News Release

New nanowire sensors are the next step in the Internet of Things

Peer-Reviewed Publication

ARC Centre of Excellence for Transformative Meta-Optical Systems

A new miniscule nitrogen dioxide sensor could help protect the environment from vehicle pollutants that cause lung disease and acid rain.

Researchers from TMOS, the Australian Research Council Centre of Excellence for Transformative Meta-Optical Systems have developed a sensor made from an array of nanowires, in a square one fifth of a millimetre per side, which means it could be easily incorporated into a silicon chip.

In research published in the latest issue of Advanced Materials, PhD scholar at the Centre’s Australian National University team and lead author Shiyu Wei describes the sensor as requiring no power source, as it runs on its own solar powered generator.

Wei says, “As we integrate devices like this into the sensor network for the Internet of Things technology, having low power consumption is a huge benefit in terms of system size and costs. The sensor could be installed in your car with an alarm sounding and alerts sent to your phone if it detects dangerous levels of nitrogen dioxide emitted from the exhaust.”

Co-lead author Dr. Zhe Li says “This device is just the beginning. It could also be adapted to detect other gases, such as acetone, which could be used as a non-invasive breath test of ketosis including diabetic ketosis, which could save countless lives.

Existing gas detectors are bulky and slow, and require a trained operator. In contrast, the new device can quickly and easily measure less than 1 part per billion, and the TMOS prototype used a USB interface to connect to a computer.

Nitrogen dioxide is one of the NOx category of pollutants. As well as contributing to acid rain, it is dangerous to humans even in small concentrations. It is a common pollutant from cars, and also is created indoors by gas stoves.

The key to the device is a PN junction – the engine of a solar cell – in the shape of a nanowire (a small hexagonal pillar with diameter about 100 nanometres, height 3 to 4 microns) sitting on a base. An ordered array of thousands of nanowire solar cells, spaced about 600 nanometres apart formed the sensor.

The whole device was made from indium phosphide, with the base doped with zinc to form the P part, and the N section at the tip of the nanowires, doped with silicon. The middle part of each nanowire was undoped (the intrinsic section, I) separating the P and N sections.

Light falling on the device causes a small current to flow between the N and P sections.

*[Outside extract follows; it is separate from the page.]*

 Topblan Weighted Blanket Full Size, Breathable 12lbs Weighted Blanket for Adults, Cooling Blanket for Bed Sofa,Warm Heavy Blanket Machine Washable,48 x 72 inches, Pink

However, if the intrinsic middle section of the PN junction is touched by any nitrogen dioxide, which is a strong oxidiser that sucks away electrons, this will cause a dip in the current.

The size of the dip allows the concentration of the nitrogen dioxide in the air to be calculated. Numerical modelling by Dr Zhe Li, a postdoctoral fellow in EME, showed that the PN junction’s design and fabrication are crucial to maximising the signal.

The characteristics of nitrogen dioxide – strong adsorption, strong oxidisation – make it easy for indium phosphide to distinguish it from other gases. The sensor could also be optimised to detect other gases by functionalising the indium phosphide nanowire surface.

TMOS Chief Investigator Professor Lan Fu, leader of the research group says “The ultimate aim is to sense multiple gases on the one small chip. As well as environmental pollutants, these sensors could be deployed for healthcare, for example, for breath tests for biomarkers of disease.

“The tiny gas sensor is easily integratable and scalable. This, combined with meta-optics, promises to achieve multiplexing sensors with high performance and multiple functionalities, which will enable them to fit into smart sensing networks. TMOS is a network of research groups across Australia dedicated to progressing this field.

“The technologies we develop will transform our life and society in the coming years, with large‐scale implementation of Internet of Things technology for real‐time data collection and autonomous response in applications such as air pollution monitoring, industrial chemical hazard detection, smart cities, and personal healthcare.”